DATASET RECORDS –

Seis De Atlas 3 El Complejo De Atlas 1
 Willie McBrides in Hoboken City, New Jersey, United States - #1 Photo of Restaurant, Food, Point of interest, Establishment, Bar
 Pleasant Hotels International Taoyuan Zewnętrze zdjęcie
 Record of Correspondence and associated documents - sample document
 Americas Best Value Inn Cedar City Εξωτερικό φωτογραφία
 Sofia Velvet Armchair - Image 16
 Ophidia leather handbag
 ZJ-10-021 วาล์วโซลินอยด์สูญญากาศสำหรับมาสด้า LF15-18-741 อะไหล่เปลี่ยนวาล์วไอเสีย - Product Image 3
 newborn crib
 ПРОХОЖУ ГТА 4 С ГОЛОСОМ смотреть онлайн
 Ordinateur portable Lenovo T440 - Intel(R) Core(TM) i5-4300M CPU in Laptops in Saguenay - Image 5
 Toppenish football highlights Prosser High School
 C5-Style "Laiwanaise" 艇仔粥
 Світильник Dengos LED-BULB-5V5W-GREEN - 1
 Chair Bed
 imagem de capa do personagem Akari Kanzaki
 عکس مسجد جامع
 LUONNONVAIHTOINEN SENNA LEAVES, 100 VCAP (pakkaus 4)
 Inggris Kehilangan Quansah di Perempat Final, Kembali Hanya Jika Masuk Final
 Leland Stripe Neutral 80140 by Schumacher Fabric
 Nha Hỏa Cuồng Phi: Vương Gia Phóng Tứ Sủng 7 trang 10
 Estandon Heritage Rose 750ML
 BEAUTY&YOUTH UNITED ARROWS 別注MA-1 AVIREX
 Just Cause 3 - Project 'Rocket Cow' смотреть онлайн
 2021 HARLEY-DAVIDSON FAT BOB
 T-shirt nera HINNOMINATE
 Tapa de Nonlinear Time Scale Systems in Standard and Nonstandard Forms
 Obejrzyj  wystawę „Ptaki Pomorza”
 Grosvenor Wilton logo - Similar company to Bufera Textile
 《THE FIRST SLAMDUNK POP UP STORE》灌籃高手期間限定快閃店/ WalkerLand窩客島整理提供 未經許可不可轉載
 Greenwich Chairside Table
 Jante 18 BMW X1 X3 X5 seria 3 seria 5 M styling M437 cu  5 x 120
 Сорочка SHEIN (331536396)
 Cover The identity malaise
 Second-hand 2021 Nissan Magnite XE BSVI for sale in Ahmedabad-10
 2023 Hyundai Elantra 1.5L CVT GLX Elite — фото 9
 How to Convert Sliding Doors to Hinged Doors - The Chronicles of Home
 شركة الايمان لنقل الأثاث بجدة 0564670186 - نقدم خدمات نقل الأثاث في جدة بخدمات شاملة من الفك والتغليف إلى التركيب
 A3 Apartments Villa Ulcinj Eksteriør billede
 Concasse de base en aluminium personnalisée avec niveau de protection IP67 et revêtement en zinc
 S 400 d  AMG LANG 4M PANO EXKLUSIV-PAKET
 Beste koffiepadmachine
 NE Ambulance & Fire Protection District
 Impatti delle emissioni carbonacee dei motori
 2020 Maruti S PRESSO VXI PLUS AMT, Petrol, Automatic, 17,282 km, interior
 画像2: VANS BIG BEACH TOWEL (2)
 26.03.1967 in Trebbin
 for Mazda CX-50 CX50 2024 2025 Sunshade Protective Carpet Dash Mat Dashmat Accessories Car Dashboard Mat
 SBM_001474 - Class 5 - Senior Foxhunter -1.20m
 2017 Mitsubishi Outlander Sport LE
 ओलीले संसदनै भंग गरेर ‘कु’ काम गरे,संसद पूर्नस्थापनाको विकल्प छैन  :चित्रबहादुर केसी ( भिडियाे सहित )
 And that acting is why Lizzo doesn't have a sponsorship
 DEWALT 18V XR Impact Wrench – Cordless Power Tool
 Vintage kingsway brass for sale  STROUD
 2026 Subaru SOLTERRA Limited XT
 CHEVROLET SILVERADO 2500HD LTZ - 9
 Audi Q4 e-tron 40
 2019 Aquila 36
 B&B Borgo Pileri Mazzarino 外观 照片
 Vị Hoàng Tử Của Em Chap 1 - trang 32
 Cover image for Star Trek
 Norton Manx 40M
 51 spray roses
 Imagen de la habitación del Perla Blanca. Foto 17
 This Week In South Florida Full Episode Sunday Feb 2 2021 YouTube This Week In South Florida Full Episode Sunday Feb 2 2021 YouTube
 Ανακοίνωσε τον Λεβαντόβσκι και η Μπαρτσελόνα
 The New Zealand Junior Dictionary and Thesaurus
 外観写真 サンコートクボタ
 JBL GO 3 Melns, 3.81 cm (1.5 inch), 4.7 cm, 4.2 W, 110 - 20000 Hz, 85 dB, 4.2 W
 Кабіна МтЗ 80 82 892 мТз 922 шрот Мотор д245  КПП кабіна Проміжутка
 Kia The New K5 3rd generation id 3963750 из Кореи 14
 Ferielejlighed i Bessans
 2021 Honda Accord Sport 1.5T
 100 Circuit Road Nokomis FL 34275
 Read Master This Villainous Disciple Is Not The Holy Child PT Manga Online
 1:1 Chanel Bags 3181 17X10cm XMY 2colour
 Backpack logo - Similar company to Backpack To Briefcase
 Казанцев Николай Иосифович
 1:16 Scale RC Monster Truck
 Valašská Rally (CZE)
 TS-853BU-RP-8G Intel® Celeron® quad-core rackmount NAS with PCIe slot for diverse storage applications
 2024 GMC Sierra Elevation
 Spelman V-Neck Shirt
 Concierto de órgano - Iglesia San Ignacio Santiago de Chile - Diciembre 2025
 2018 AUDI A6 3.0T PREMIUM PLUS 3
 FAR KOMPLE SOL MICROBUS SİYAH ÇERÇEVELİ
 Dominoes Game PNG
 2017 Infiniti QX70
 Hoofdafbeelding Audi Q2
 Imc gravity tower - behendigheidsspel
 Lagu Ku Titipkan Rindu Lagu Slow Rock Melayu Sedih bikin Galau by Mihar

WORK TO COMPLETE – Copy out the lines above exactly, beginning at the one that contains "A3 Apartments Villa Ulcinj Eksteriør billede" and ending at the one that contains "Impatti delle emissioni".

RESPONSE TO THIS TASK –
 A3 Apartments Villa Ulcinj Eksteriør billede
 Concasse de base en aluminium personnalisée avec niveau de protection IP67 et revêtement en zinc
 S 400 d  AMG LANG 4M PANO EXKLUSIV-PAKET
 Beste koffiepadmachine
 NE Ambulance & Fire Protection District
 Impatti delle emissioni carbonacee dei motori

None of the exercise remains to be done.